On 29 May 2005 the court served the request on the mother and
requested the Youth Office to submit comments, which were submitted
on 29 August 2005, following a reminder by the court. On 7 October
2005 the court scheduled a hearing for 27 October 2005, which was
postponed at both parties’ request to 1 December 2005.
- Both
parties having agreed to institute supervised contacts, the District
Court ordered the Youth Office to name, within a time-limit of one
month, a suitable institution to supervise the visits. It further
decided to issue a decision on contact rights after having been
informed about the concrete dates for contacts.
- Between
October 2005 and May 2006 the Youth Office unsuccessfully attempted
to mediate an agreement on a suitable institution.
- On
31 May 2006 the District Court informed the parties that it would
attempt to find a suitable institution on its own motion. On 6 June
2006 the District Court ordered that contact visits should be
supervised by a centre for psychological counselling. Between July
and October 2006, five supervised contacts took place.
- On
30 October 2006 the District Court requested the counselling centre
to submit a report. On 5 December 2006 the Youth Office, following a
further reminder by the court, submitted a report by the counselling
centre dated 9 November 2006. Both the Youth Office and the counsel
centre did not have any objections to contacts between father and
son. The next step should be to limit the supervision to the
accompanied handover of the child. However, having regard to the
mother’s opposition, the Youth Office was not in a position to
propose how contact rights should be established.
- On
12 December 2006 the District Court informed the parties of its
intention to hear expert opinion on the regulation of access rights
and invited the parties to submit comments within two weeks. On 22
December 2006 and 11 January 2007 new counsel for the applicant
requested to be granted access to the case file and asked the court
to allow submissions within 14 days after the receipt of the
case-file that was returned by letter of 16 January 2007. On 5
February 2007 the applicant’s counsel submitted her comments.
- On
8 February 2007 the District Court commissioned a psychological
expert and ordered her to submit the expert opinion within three
months.
- On
5 March 2007 the applicant requested the District Court to regulate
further contact rights by interim order. On 27 March 2007 the
District Court rejected the applicant’s request on the grounds
that a regulation of contact rights had to be based on the result of
the expert examination. It pointed out that the expert had declared
that she would be able to terminate her report by the end of April,
if both parents attended the proposed meetings.
- On
29 March 2007 the Youth Office declared that it did not have any
objections to further contacts. On 12 April 2007 the applicant
requested the applicant to hold a hearing on his interim request.
- On
19 April 2007 the District Court scheduled a second hearing for 16
May 2007. On 16 May 2007 the District Court heard the Youth Office,
the person accompanying the visits and the expert.

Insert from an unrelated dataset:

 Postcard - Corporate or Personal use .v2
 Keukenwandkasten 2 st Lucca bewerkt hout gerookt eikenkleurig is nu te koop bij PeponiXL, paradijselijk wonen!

The applicant
declared that he refused being examined by the expert.
- By
interim order of 22 May 2007 the District Court, following expert
recommendation, ordered that supervised visits should take place
every Thursday afternoon. Between 14 June and 12 July 2007 five
contact visits took place. The applicant having lodged a complaint
about the supervisor, the latter declared that he was not available
to supervise further contacts.
- On
8 June 2007 the applicant declared that he was now ready to be
examined by the expert. On 9 July 2007 the expert informed the court
that the applicant had failed to attend the arranged meeting. On 12
July 2007 the applicant submitted that he had appeared in time, but
that the expert had not opened the door. He requested the court to
terminate the examination without his cooperation, as he had lost
confidence in the expert.
- On
19 July 2007 the applicant had his last contact with his son.
- On
31 July and 14 August 2007 the applicant requested the District Court
to impose enforcement measures on the mother, who objected to further
contacts. On 24 August 2007 the District Court, in separate
proceedings, imposed enforcement measures on the mother.
- On
26 July 2007 the District Court requested the expert to terminate the
examination. On 7 September 2007 the expert submitted her report, in
which she noted that the parents were unable to cooperate and
recommended the continuation of supervised visits. On 7 September
2007 the District Court served the expert opinion on the parties and
ordered the Youth Office to propose an institution which could
arrange supervised visits. On 5 October 2007 the court asked the
parties if a suitable institution had been found. In October and
November 2007 the applicant, following several extensions of the
time-limit set, submitted extensive comments.
- On
22 November 2007 the District Court held a third hearing. While the
expert recommended the continuation of supervised contacts, the Youth
Office declared that it was difficult to find an institution to
supervise the contacts and recommended a suspension of contact
rights.
- On
4 December 2007 the District Court informed the parties about its
intention to appoint a curator ad litem to represent the
child’s interests. On 6 and 13 December 2007 the parties
objected. On 20 December 2007 the court appointed a curator ad
litem and asked her to submit comments within two months. Both
parties lodged complaints against the appointment which were
withdrawn on 7 and 12 February 2008, respectively.
- Between
February and April 2008 the curator informed the court about her
attempts to institute contact visits. During the following months,
the curator and the Youth Office attempted to induce the parties to
conclude a parental agreement on the modalities of supervised
contacts.
- On
8 April 2008 the applicant requested the District Court to issue a
decision. On 15 May 2008 the District Court informed the parties that
the parents had concluded an agreement on contacts which should be
executed within a short period of time. On 19 May 2008 the District
Court informed the parties that the proceedings were suspended as
long as the agreement on contact rights was executed. On 6 June 2008
the Youth Office informed the court that supervised visits could be
envisaged for mid-August.
- On
26 August 2008 the applicant requested the District Court to order
the Youth Office to refrain from issuing legal opinions and to
respect binding court orders. On 12 September 2008 the District Court
rejected the request.
- On
11 February 2009 the institution which had been commissioned to
supervise the contacts proposed a first contact for 28 February 2009.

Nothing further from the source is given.